Apologizing, Forgiveness and Reconciliation

In a world enamored with political correctness and often overwhelmed with litigation, a particular problem arises:  How do you go about APOLOGIZING to keep relationships in good standing?  When someone says or does something that is offensive to another, a relationship is hindered.  The result is that people and groups are divided until the ones offended are somehow satisfied.  Typically, an apology is given and then there is a waiting time to see if it is accepted or not.  This whole process needs correcting.  Even when an apology is accepted and forgiveness is granted, it takes extra effort to bring healing and true reconciliation.  In fact, you need to think more about all of this to better understand what I am saying.  This article today is an Apologia for the faith I believe and the truth that needs to be learned about Apologizing, Forgiveness and Reconciliation.


Apologizing is a very incomplete, misunderstood and often ineffective practice.  This is readily illustrated in our society with weekly and even daily examples.  Consider the recent exchange between Comedian David Letterman and Governor Sarah Palin.  Think about the many examples in entertainment or athletics, such as with former Virginia Tech star Michael Vick and his dog fighting escapades.  What about Virginia Tech President Charles Steger and other VT Administration or Government workers needing to apologize for 04-16-07?  Even the current U.S. President Barack Obama feels the need to apologize to people around the world for what he sees as mistakes in America’s practices.  Since there is no uniform understanding or agreement as to what constitutes the need for or even what a legitimate apology is, confusion and lack of results or resolution abounds.  Relationships often remain divided or less fulfilling that desired.


To get to the heart of this, as with any issue or concept, it is helpful to learn the original meaning of a word.  Words certainly change meaning depending upon usage, yet the truth of meanings is still there.  To apologize is first, “to give a formal justification.”  It is “making a defense” or even “an excuse” for what was said or done.  This basic, root definition of the word has been so misunderstood that apologizing has even come to mean “an expression of error or discourtesy accompanied by an expression of regret.”  Either way, the problem with “apologizing” still exists:  When the one offending responds of their own choice or more often after pressure from others (apologizes), then the one offended responds by deciding whether or not to “accept the apology.”  The one offended has to be satisfied with what the one apologizing says or does.  This is an ineffective process; it is often not even possible, since the offense is still felt.  The offender has to express enough regret or seem sorry enough or even completely change their stated opinion, in order to satisfy the offended and help dismiss criticism.  More is needed!  Acknowledging an offense is a good first step (even if the motives may be bad).  We all should regularly do this in serving others.
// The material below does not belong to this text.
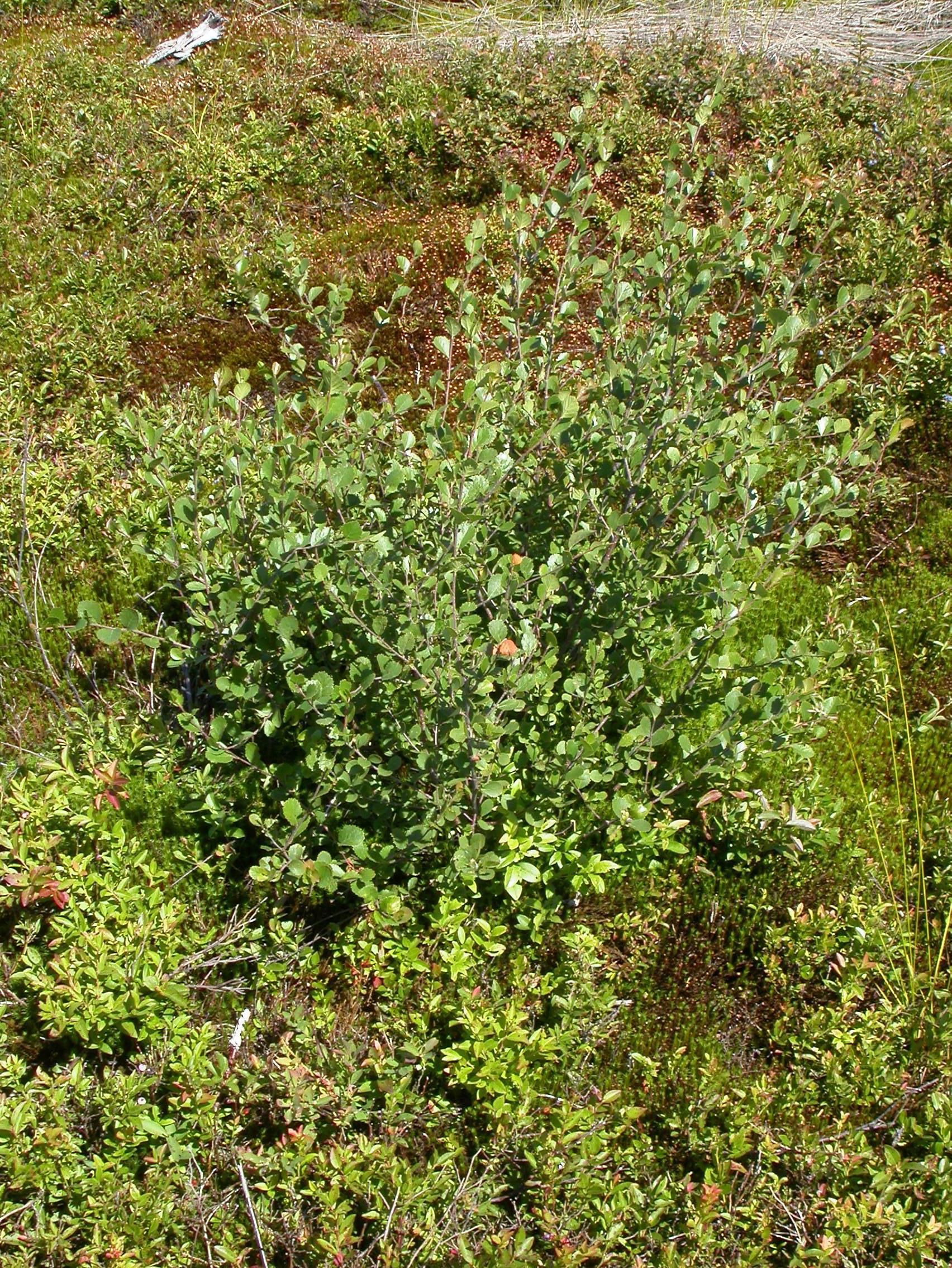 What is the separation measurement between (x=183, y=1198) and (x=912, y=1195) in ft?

Forgiveness is another matter.  Forgiveness is when one gives up their offense.  It is not apathy, but instead is an act that must be understood as an ongoing promise, else it loses all meaning.  Forgiveness is the better and the biblical way.  I do not have room to elaborate here, so you may wish to look over my 04-28-09 Blog, “LEARN To Forgive!”  The best and even necessary end when there is apologizing and even forgiveness is for there to also be Reconciliation.  That takes a conscious effort—to do things to continue and grow in the relationship, despite past offenses or disagreements.
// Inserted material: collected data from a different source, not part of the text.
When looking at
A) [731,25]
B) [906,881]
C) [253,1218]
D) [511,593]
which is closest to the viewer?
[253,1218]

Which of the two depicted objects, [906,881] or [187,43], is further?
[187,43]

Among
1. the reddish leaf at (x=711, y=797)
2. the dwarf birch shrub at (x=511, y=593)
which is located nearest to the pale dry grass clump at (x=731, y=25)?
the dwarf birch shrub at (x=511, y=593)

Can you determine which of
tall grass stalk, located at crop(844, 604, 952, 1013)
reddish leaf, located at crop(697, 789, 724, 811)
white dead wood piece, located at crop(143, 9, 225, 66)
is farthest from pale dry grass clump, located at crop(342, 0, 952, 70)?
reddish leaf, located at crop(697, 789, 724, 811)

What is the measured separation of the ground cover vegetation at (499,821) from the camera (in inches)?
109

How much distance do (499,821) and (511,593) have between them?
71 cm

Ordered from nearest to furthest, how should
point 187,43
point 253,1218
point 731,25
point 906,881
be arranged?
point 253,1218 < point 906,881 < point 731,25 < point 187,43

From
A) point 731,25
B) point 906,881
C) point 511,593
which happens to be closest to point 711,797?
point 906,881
The believer in Jesus Christ has the best understanding available in the Bible and should be modeling this in his or her life!  Jesus Christ offers forgiveness and demands that His followers, who have found true forgiveness in Him, be willing to forgive others and be sensitive enough to see when they need to ask forgiveness for their own actions.  The more excellent way of loving (see 1 Corinthians 12:31ff), to which all Christians are called, is that of reconciliation (see 2 Corinthians 4 and 5 [esp. 5:18]).